Etihad owns 30pc of Air Berlin and just under 3pc of Aer Lingus.
Speaking to the Irish Independent in Dublin yesterday, Mr Hogan said that Air Berlin has a substantial footprint in Europe that could benefit Aer Lingus and a codeshare agreement could make sense.
"That's something for those two airlines to have a talk about," he said. "But obviously Air Berlin is a very large pan-European airline carrying 35 million passengers.
"It's very strong out of Dusseldorf and out of Berlin and secondary cities in Germany. If there's a way that those airlines can complement each other and feed passengers through each other's systems, then they should take advantage of that opportunity."
Etihad and Aer Lingus signed a codeshare agreement in May. It's been performing well so far for the pair.
All the key performance indicators (KPIs) that were set at Air Berlin following Etihad's investment have been met, said Mr Hogan. Etihad boosted its stake in Air Berlin from 3pc to almost 30pc last December for €73m.
But Etihad also loaned Air Berlin $255m and inked a codeshare agreement with the carrier.
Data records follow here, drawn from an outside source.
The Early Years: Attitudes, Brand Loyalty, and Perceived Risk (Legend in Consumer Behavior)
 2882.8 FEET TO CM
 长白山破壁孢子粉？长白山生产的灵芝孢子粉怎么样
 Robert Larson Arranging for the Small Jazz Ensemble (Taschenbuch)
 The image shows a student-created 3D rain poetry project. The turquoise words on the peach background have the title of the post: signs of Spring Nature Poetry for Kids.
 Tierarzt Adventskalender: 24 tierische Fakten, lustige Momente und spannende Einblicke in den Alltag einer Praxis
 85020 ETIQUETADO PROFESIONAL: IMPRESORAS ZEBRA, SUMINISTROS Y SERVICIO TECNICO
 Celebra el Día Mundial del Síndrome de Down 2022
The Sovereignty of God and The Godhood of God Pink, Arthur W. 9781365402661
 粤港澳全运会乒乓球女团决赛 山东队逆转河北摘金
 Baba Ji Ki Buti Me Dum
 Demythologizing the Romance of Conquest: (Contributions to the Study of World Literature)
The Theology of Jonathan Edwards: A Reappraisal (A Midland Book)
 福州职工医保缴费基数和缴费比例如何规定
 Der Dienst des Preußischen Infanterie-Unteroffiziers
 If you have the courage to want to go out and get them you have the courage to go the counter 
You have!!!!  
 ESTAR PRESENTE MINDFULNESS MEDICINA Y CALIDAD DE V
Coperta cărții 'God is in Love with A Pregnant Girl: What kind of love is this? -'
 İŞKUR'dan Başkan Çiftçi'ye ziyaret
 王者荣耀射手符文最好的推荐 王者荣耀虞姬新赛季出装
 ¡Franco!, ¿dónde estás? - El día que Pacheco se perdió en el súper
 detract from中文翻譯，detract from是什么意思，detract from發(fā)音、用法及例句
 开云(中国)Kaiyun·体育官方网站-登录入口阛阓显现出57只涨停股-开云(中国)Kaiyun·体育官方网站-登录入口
Etihad took a near 3pc stake in Aer Lingus earlier this year.
"All the KPIs that we set have been achieved and the cost savings have been achieved in year one," he said of Air Berlin. "For us, it's been very successful." He said he has "no doubt" that the airline will move back to profitability.
Etihad, which operates 10 flights a week between Dublin and Abu Dhabi, owns equity stakes in four airlines. Mr Hogan confirmed that a number of other airlines have approached the Middle East carrier with a view to taking holdings in them.
But Mr Hogan declined to be drawn on whether Etihad might boost its stake in Aer Lingus, notwithstanding the possible sale of the Government's 25.1pc stake in the carrier.
Ryanair owns almost 30pc of Aer Lingus. Ryanair chief executive Michael O'Leary said it has received a number of approaches from financial institutions interested in buying its stake. He also said that Ryanair will "seriously" examine selling its holding in Aer Lingus if the European Commission blocks its latest attempt to buy the former flag carrier.
Mr Hogan has indicated that Etihad is interested in buying the Government's stake in Aer Lingus. However, no sale of the stake is possible until an on-going pension dispute at the carrier is resolved. Siptu has already served Aer Lingus with notice of industrial action that will take place later this month.